I did not hear anything more of him for some weeks, when suddenly one day, in that wretched section of St. Louis beloved of Dick and Peter as a source of literary material, I was halted by a figure which I assumed to be one of the lowest of the low. A short, matted, dirty black beard concealed a face that bore no resemblance to Clark. A hat that looked as though it might have been lifted out of an ash-barrel was pulled slouchily and defiantly over long uncombed black hair. His face was filthy, as were his clothes and shoes, slimy even. An old brown coat (how come by, I wonder?) was marked by a greenish slime across the back and shoulders, slime that could only have come from a gutter.

“Don’t you know me, Dreiser?” he queried in a deep, rasping voice, a voice so rusty that it sounded as though it had not been used for years “—Clark, Clark of the Republic. You know me——” and then when I stared in amazement he added shrewdly: “I’ve been sick and in a hospital. You haven’t a dollar about you, have you? I have to rest a little and get myself in shape again before I can go to work.”

“Well, of all things!” I exclaimed in amazement, and then: “I’ll be damned!” I could not help laughing: he looked so queer, impossible almost. A stage tramp could scarcely have done better. I gave him the dollar. “What in the world are you doing—drinking?” and then, overawed by the memory of his past efficiency and force I could not go on. It was too astonishing.

“Yes, I’ve been drinking,” he admitted, a little defiantly, I thought, “but I’ve been sick too, just getting out now.

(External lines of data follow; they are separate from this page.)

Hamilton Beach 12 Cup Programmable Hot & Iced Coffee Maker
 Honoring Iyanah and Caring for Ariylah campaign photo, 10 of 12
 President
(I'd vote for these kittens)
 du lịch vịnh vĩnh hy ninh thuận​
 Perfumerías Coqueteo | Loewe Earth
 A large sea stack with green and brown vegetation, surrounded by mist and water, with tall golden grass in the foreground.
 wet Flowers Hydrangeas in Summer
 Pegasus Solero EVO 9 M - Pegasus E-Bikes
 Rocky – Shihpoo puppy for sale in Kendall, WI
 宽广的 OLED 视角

I got pneumonia there in the summer and couldn’t work. I’ll be all right after a while. What’s news at the Republic?”

“Nothing.”

He mumbled something about having played in bad luck, that he would soon be all right again, then ambled up the wretched rickety street and disappeared.

I hustled out of that vicinity as fast as I could. I was so startled and upset by this that I hurried back to the lobby of the Southern Hotel (my favorite cure for all despondent days), where all was brisk, comfortable, gay. Here I purchased a newspaper and sat down in a rocking-chair. Here at least was no sign of poverty or want. In order to be rid of that sense of failure and degradation which had crept over me I took a drink or two myself. That any one as capable as Clark could fall so low in so short a time was quite beyond me. The still strongly puritan and moralistic streak in me was shocked beyond measure, and for days I could do little but contrast the figure of the man I had seen about the Republic office with that I had met in that street of degraded gin-mills and tumbledown tenements. Could people really vary so greatly and in so short a time? What must be the nature of their minds if they could do that? Was mine like that? Would it become so? For days thereafter I was wandering about in spirit with this man from gin-mill to gin-mill and lodging-house to lodging-house, seeing him drink at scummy bars and lying down at night on a straw pallet in some wretched hole.